İyi okumalar.d
Alper "evet şimdi baştan alıyoruz, sen bi cinsin?" derken rüzgar'a baktığında rüzgar kaşlarını çatıp "hayır" demişti.
Ben dolu gözlerimle "gerçek işte" derken Emre "istatistiksel olarak imkansız" dedi.
Daha sonra "tabi hiç ölmediyse..." diye mırıldandı.
Demir "onu bunu bırakıp şu kızı kendine getirsek?" derken donmuş bir şekilde hiç bir şey demeyen Ela'yı kastetmişti.

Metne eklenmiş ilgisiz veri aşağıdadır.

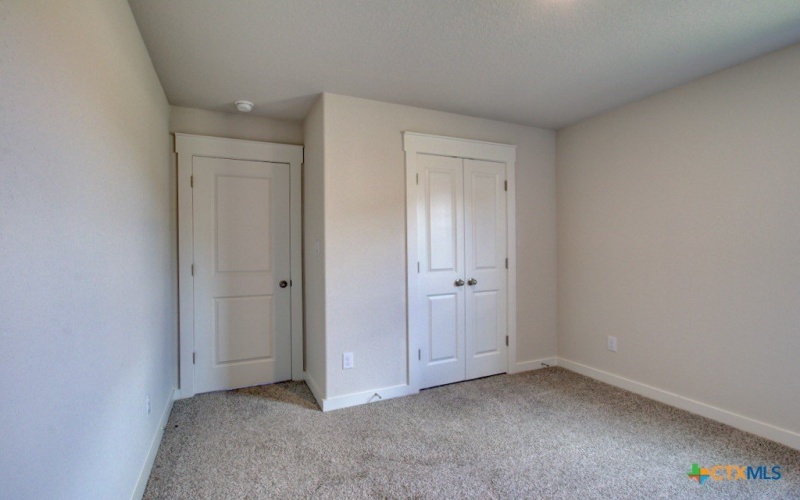 911 Cloud Sky Road, New Braunfels, TX 78130, 4 Bedrooms Bedrooms, ,2 BathroomsBathrooms,Residential,For Sale,911 Cloud Sky Road,583236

Gurbet ayağa kalkıp Ela'nın gözünün önüne elini salladı ve "gülüm şoka girdiysen ve felç olduysan kafanı salla" dedi.
Alper-kanka sallamıyo, demek ki felç değil
Gurbet-evet iyi yanından bakalım
Demir-aklı başında biri gelsin şu odaya.
Alaska-ben, ama hâlâ bir şey anlamış değilim.
Alper-bak şimdi cano, rüzgar bizim liseden arkadaşımızdı. Sonra-
Alper cümlesini devam ettiremediğinde araya girdim. "Sonra öldü. Yani.."
Alaska-wtf
Rüzgar-evet ben oluyorum
Alper-işte bunun bedeninin içine ruhlar girmiş
Rüzgar-lan benim işte amınakoyayım
Alper-ya da ikizi vardır?
Rüzgar-la havle...
Kumsal-o gece ordaydım ama kendimde değildim
Öykü-sen ön taraftaydın, ben arka bahçedeyken havuza gözlerimin önünde kaç kat aşağıya düştü
Derin-nasıl kurtuldun?
Rüzgar-gözlerimi açtığımda hastahane odasındaydım.
Öykü-biz gördüğümüzdede tabuttaydın
Rüzgar-sizi gördüm
Demir-nasıl?
Rüzgar-cenazemin olduğu gün hepinizi uzaktan gördüm
Emre-abi sen şaka mısın
Tolga birden ayağa kalkıp Rüzgar'ın üstüne yürümeye başladı, sesi yükselirken "sabrediyim dedim ama sen bizimle taşak mı geçiyorsun lan!?" diye bağırdı.
Demir yanımdan kalkıp Tolga'nın önüne geçti, göğüsünden geri iktirirken "şuan sinirli olman bi işe yarar mı?" dedi.
"Lan adam bizle oyun oynuyor amınakoyayım, üç yıldır yaşıyorum dedi resmen!"
Bu sefer Demir sesini yükseltip "bi otur ve kapa çeneni!" dedi.
Tolga kendini arkasındaki koltuğa atıp sinirden yumruğunu sıkarken yanındaki Alasla elini elinin üstüne koydu. Tolga'nın eli gevşerken Alaska'nın elini tuttu. Galiba sakinleşmesinin anahtarı Alaska'daydı..
Demir tekrar yanıma gelip oturdu, karşımızdaki Rüzgar'a bakarken "güzel hoş yaşıyorsun, fakat açıklama lazım." dediğinde odadaki herkes onaylar biçimde mırıldandı.
"O geceden dört gün sonra uyandığımda komadan çıktığım söylendi."
Derin-bize ise ameliyattan çıkamadığını, morga sevkedildiğin söylendi.
Emre-bu da demek oluyor ki onu son gördüğümüz zaman ölü değildi, komadaydı. Burda bizi kandıran doktorlar
Emre konuştuğu sırada içeriye Hela ve Cansu girmişti. Hela elindeki kağıtları Emre'nin eline verirken "doktorlar değil, doktor" demişti.